■ **Provided records**:
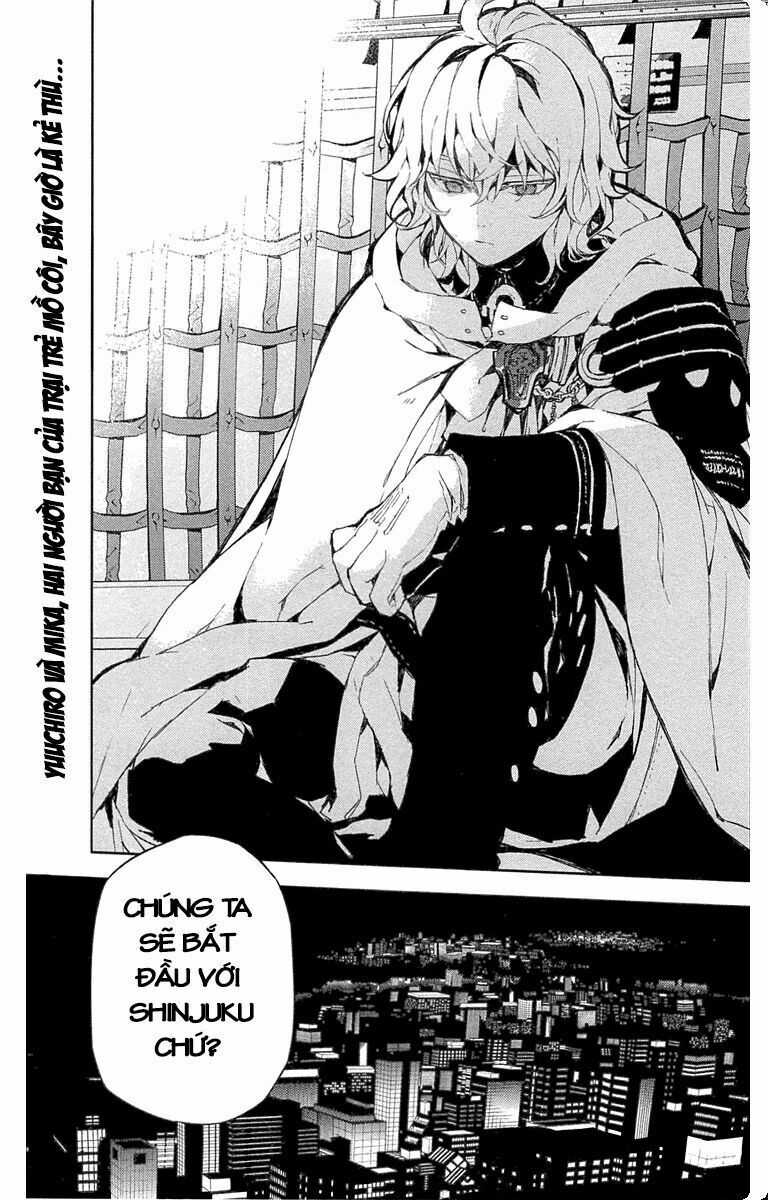 Owari No Seraph - Chapter 7 - Trang 46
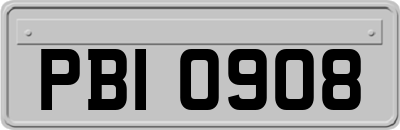 PBI0908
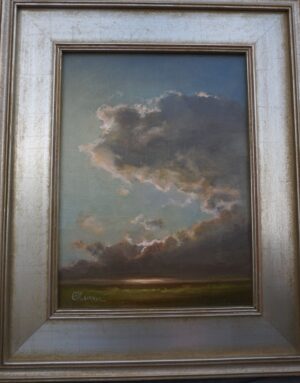 Currie, Carolyn: Rising Clouds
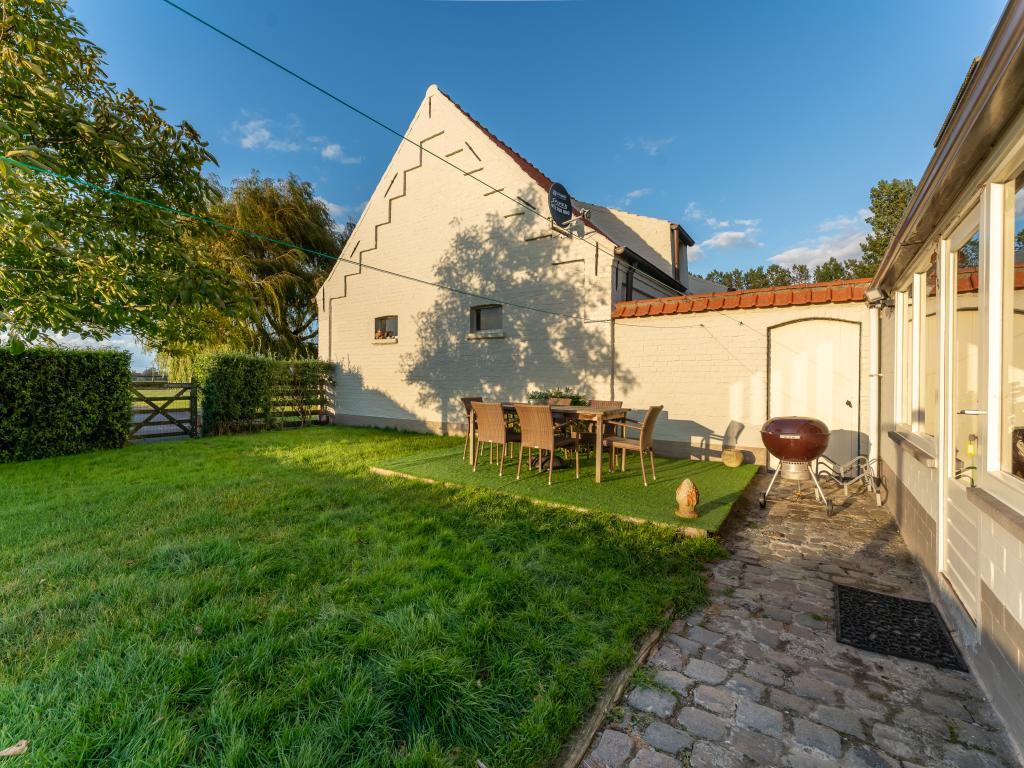 Maison De Lange Dreve, jardin clos et 4 chambres à Middelkerke - Photo 12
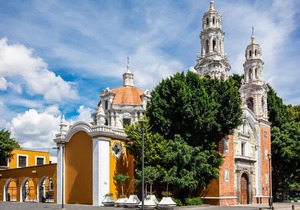 One Puebla FINSA Sanctorum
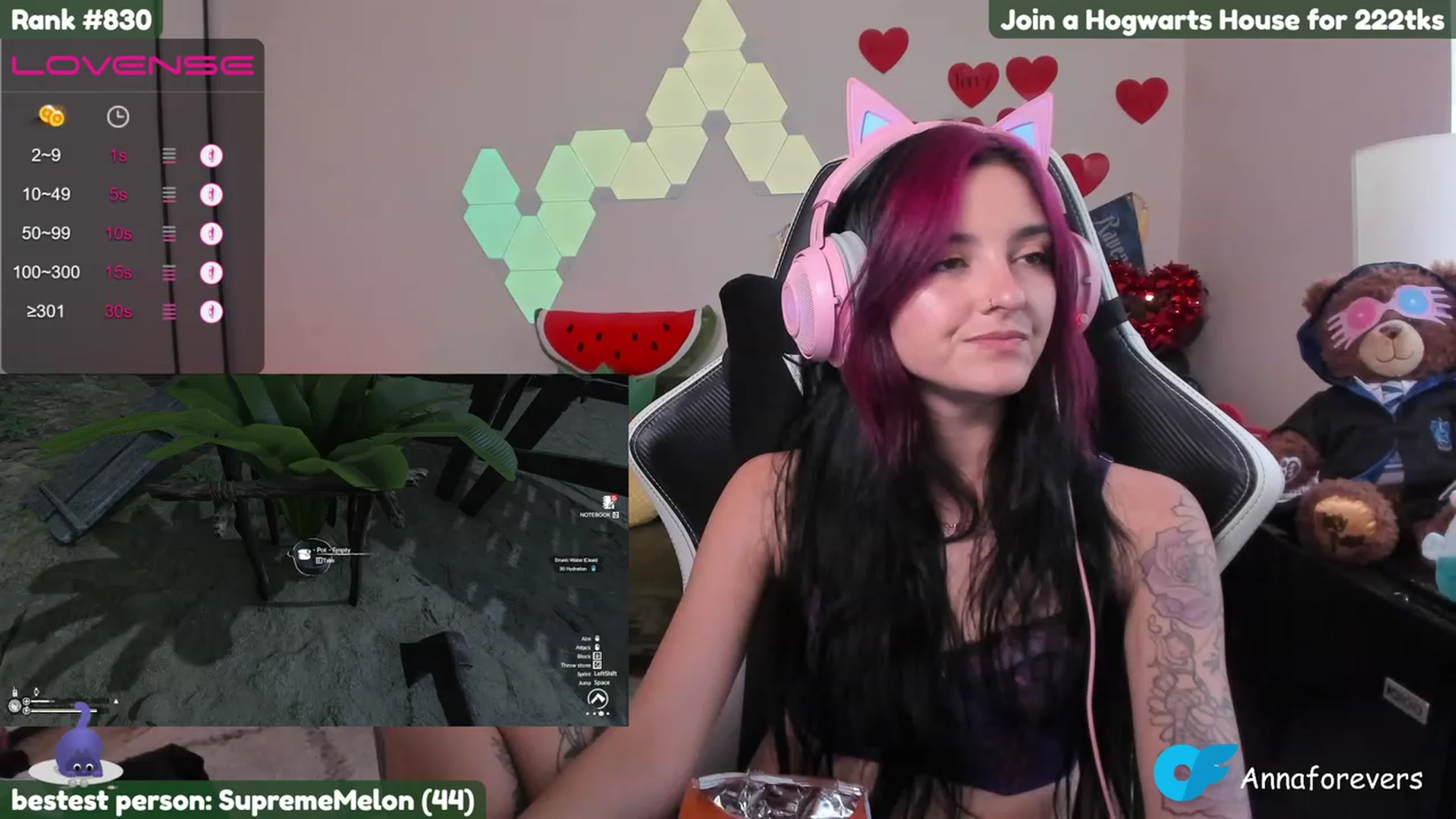 Gallery image thumbnail from Melon's myfreecams stream on, 03/01/2023, 24:06 image 5 of 20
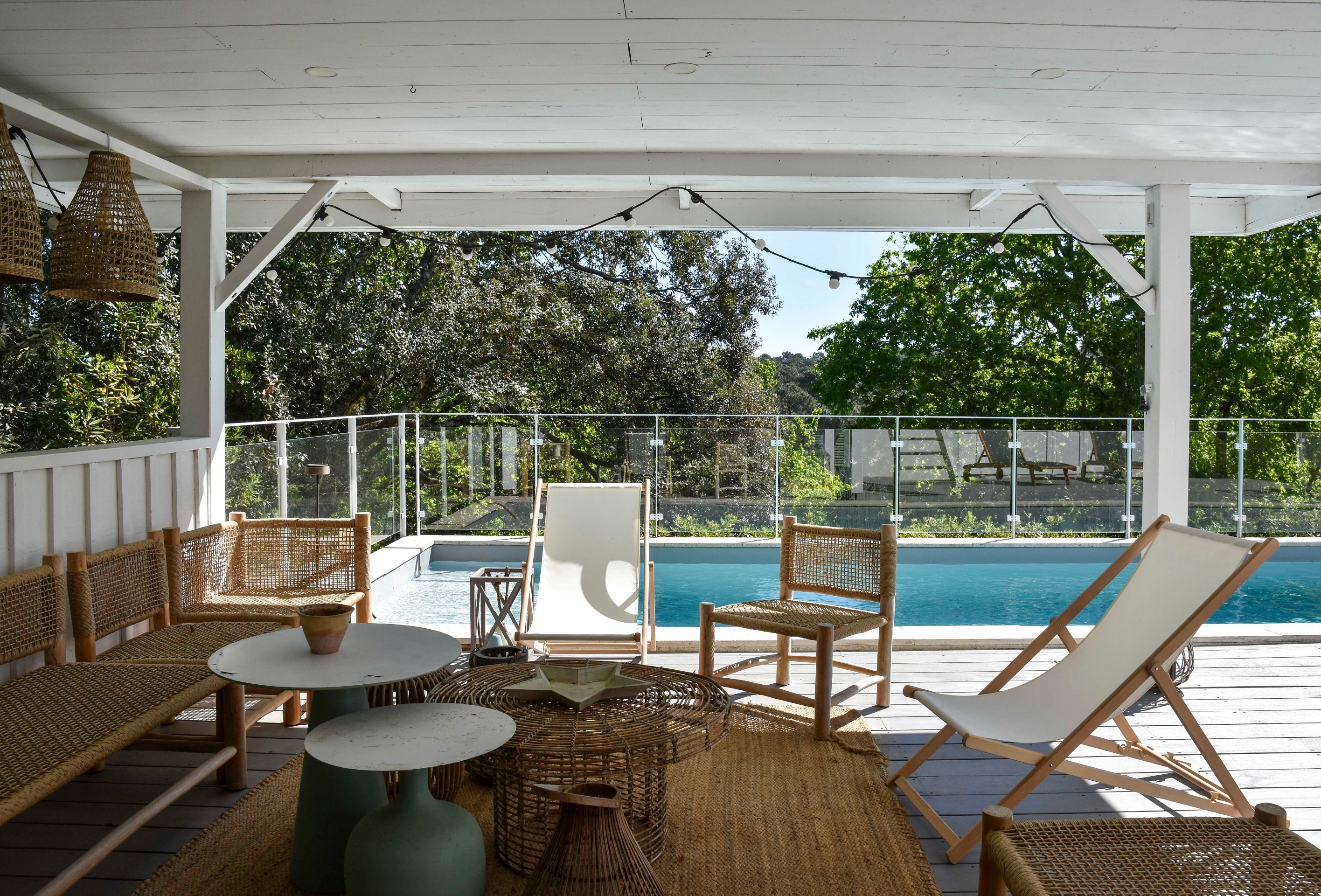  ABATILLES, DOMAINE DE LA FORÊT — STUNNING VILLA ON THE EDGE OF THE FOREST - 物件實景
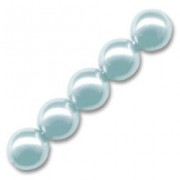 Perlas 8 mm Light Blue x25|raw }}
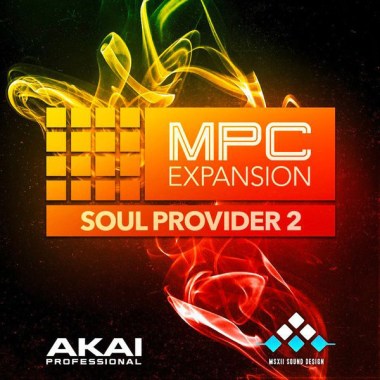 AKAI Professional Soul Provider 2 Цифровые лицензии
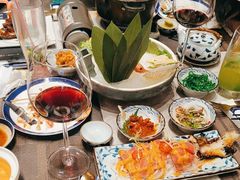 -極上萬膳·日料放题(来福士江景店)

■ **What to do**: Leaving the pictures out, output each line of the listing exactly.

■ **Solution for this problem**:
 Owari No Seraph - Chapter 7 - Trang 46
 PBI0908
 Currie, Carolyn: Rising Clouds
 Maison De Lange Dreve, jardin clos et 4 chambres à Middelkerke - Photo 12
 One Puebla FINSA Sanctorum
 Gallery image thumbnail from Melon's myfreecams stream on, 03/01/2023, 24:06 image 5 of 20
  ABATILLES, DOMAINE DE LA FORÊT — STUNNING VILLA ON THE EDGE OF THE FOREST - 物件實景
 Perlas 8 mm Light Blue x25|raw }}
 AKAI Professional Soul Provider 2 Цифровые лицензии
 -極上萬膳·日料放题(来福士江景店)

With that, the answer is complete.